Now it is known (p37 of here) that any Möbius transformation $T$ is conjugate to either the translation $z \mapsto z+1$ or a linear map $z \mapsto \lambda z$ for some $\lambda \in \mathbb{C} \setminus \{0\}$. Fixing $t \geq 0$ and applying this to the Möbius transformation $T$ whose restriction to $\hat{\mathbb{R}}$ coincides with $F$ (as defined in Lemma 4):

• If $h \circ T \circ h^{-1}\colon z \mapsto z+1$, then the topological circle $h(\hat{\mathbb{R}})$ is strictly invariant under $z \mapsto z+1$ and so contains $\infty$; hence $h^{-1}(\infty)$ lies in $\hat{\mathbb{R}}$ and is the unique fixed point of $F$.

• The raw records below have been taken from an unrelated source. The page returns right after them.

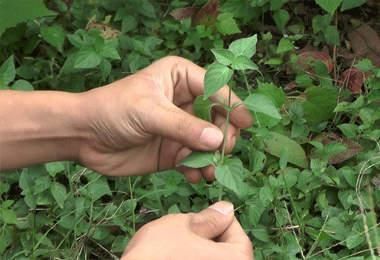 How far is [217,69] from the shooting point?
1621 mm

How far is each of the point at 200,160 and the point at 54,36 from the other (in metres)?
1.10

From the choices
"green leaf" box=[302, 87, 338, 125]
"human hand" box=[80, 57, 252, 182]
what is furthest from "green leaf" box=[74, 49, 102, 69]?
"green leaf" box=[302, 87, 338, 125]

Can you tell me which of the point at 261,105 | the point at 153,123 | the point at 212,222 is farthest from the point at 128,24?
the point at 212,222

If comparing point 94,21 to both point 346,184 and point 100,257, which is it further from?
point 346,184

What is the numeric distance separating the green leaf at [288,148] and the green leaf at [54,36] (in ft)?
2.51

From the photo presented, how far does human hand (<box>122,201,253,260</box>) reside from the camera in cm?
153

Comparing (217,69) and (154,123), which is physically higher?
(217,69)

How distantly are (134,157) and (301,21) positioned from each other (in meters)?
1.15

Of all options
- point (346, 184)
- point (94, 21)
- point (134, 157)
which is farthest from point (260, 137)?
point (94, 21)

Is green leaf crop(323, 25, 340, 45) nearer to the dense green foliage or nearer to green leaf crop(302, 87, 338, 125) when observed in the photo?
the dense green foliage

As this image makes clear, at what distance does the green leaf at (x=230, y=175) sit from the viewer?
5.50 feet

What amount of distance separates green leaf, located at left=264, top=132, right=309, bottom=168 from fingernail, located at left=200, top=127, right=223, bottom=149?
652 mm

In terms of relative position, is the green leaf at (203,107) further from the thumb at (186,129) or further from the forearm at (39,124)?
the forearm at (39,124)

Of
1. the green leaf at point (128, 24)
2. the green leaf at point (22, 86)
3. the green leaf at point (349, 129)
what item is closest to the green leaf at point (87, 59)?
the green leaf at point (22, 86) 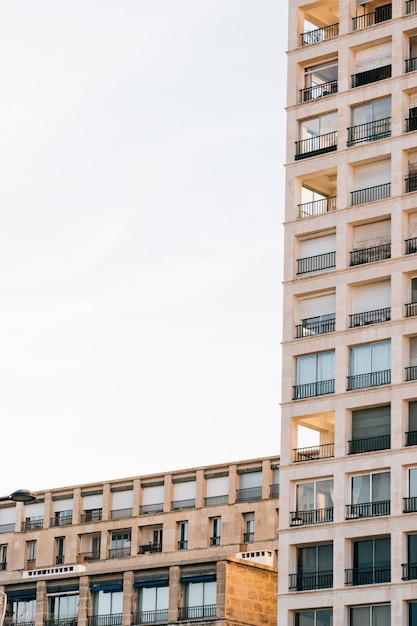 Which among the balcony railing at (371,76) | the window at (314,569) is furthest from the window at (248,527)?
the balcony railing at (371,76)

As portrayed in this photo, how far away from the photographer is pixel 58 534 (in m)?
110

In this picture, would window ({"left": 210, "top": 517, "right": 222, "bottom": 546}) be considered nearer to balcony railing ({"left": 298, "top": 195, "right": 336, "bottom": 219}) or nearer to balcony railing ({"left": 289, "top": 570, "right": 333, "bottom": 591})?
balcony railing ({"left": 298, "top": 195, "right": 336, "bottom": 219})

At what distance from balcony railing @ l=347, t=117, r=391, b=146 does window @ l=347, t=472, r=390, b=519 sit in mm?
16401

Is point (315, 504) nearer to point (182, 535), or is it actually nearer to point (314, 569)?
point (314, 569)

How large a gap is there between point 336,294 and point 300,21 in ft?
50.9

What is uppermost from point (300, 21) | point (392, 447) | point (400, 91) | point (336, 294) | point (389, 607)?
point (300, 21)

• If $h \circ T \circ h^{-1}\colon z \mapsto \lambda z\,$ where $|\lambda| \neq 1$, then the topological circle $h(\hat{\mathbb{R}})$ contains both $0$ and $\infty$; hence $h^{-1}(0)$ and $h^{-1}(\infty)$ are the fixed points of $F$. If $|\lambda|>1$ then all trajectories of $F$ not starting at $h^{-1}(0)$ are attracted to $h^{-1}(\infty)$; if $|\lambda|<1$ then all trajectories of $F$ not starting at $h^{-1}(\infty)$ are attracted to $h^{-1}(0)$.
• If $h \circ T \circ h^{-1}\colon z \mapsto e^{i\mu} z\,$ where $\mu \in \mathbb{R} \setminus \{0\}$, then $h(\hat{\mathbb{R}})$ is a circle of non-zero finite radius about the origin, and so $F$ is topologically conjugate to the circle rotation by angle $\mu$.
• Finally, if $h \circ T \circ h^{-1}$ is the identity function then $F$ is the identity function.

Since $F$ is conjugate to the time-$t$ map $f$ of (1), this completes the proof of the result.